Rakuten Inc., operator of Japan's leading online shopping mall, has submitted a notice of withdrawal to Nippon Keidanren (Japan Business Federation), the nation's most powerful business lobby.
Rakuten says it decided to leave the body because of clear differences of opinion over such issues as the future of Japan's electric power industry.
Rakuten President and Chairman Hiroshi Mikitani is a go-getting entrepreneur who has nurtured the dot.com startup he founded into one of the nation's most successful Internet companies.
Mikitani has made some controversial moves, including his bid to merge with Tokyo Broadcasting System Inc. by accumulating a major stake in the TV broadcaster.

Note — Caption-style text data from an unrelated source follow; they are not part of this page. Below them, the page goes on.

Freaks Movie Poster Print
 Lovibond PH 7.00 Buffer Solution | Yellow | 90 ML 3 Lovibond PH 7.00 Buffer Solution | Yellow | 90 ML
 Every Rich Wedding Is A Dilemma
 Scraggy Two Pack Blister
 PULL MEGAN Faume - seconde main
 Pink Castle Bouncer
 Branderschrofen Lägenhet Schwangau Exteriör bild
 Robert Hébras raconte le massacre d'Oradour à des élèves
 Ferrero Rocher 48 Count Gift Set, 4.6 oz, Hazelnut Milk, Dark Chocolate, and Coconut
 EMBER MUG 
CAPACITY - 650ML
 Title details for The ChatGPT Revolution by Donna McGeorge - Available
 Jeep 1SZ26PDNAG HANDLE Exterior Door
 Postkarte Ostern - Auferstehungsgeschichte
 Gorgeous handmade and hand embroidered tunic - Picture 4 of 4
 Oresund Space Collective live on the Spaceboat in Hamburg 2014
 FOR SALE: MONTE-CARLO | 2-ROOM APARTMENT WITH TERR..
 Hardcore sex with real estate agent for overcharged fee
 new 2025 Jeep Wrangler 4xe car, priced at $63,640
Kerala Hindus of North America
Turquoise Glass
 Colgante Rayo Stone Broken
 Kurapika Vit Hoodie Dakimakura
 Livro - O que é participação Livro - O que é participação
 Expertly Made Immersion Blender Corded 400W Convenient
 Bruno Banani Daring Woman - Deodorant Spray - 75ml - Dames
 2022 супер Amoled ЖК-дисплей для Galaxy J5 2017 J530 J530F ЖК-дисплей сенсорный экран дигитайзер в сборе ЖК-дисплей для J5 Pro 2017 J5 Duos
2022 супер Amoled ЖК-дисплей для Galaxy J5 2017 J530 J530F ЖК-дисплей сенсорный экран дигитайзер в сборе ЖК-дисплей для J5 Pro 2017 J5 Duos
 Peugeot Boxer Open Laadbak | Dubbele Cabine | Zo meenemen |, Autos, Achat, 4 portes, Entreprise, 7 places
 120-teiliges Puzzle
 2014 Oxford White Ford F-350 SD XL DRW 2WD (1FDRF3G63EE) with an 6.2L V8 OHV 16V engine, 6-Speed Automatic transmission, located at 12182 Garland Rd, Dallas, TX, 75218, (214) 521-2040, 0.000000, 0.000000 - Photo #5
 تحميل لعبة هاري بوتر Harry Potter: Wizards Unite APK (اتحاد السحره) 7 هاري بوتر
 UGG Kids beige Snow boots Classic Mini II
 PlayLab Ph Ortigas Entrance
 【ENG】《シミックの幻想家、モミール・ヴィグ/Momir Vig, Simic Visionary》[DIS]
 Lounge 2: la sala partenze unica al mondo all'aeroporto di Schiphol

However, unlike Takafumi Horie, the disgraced former president of Web portal operator Livedoor Co., who was known for his nonconformist attitude and contempt for the traditional management style, Mikitani has been in the good books of older business leaders.
It appears that even this down-to-earth businessman has found the Japanese business community of today to be something he has no time for.
Indeed, Keidanren's response to the Great East Japan Earthquake has been ruefully slow and weak.
While it has been vocal in expressing its grievances and criticisms against the government led by the ruling Democratic Party of Japan, the organization's own proposals and actions related to the disaster have shown little creativity or originality.
In particular, Keidanren has failed to make any significant contribution to the efforts to deal with the nuclear disaster or to the debate on ideas to reform the electric power industry, such as separating power generation from transmission and distribution.
Keidanren Chairman Hiromasa Yonekura, chairman of Sumitomo Chemical Co., has made a series of remarks that support the status quo and serve the interests of the power industry.
Electric utilities have been acting as the unchallenged leader in the Japanese business community in terms of both financial and political power.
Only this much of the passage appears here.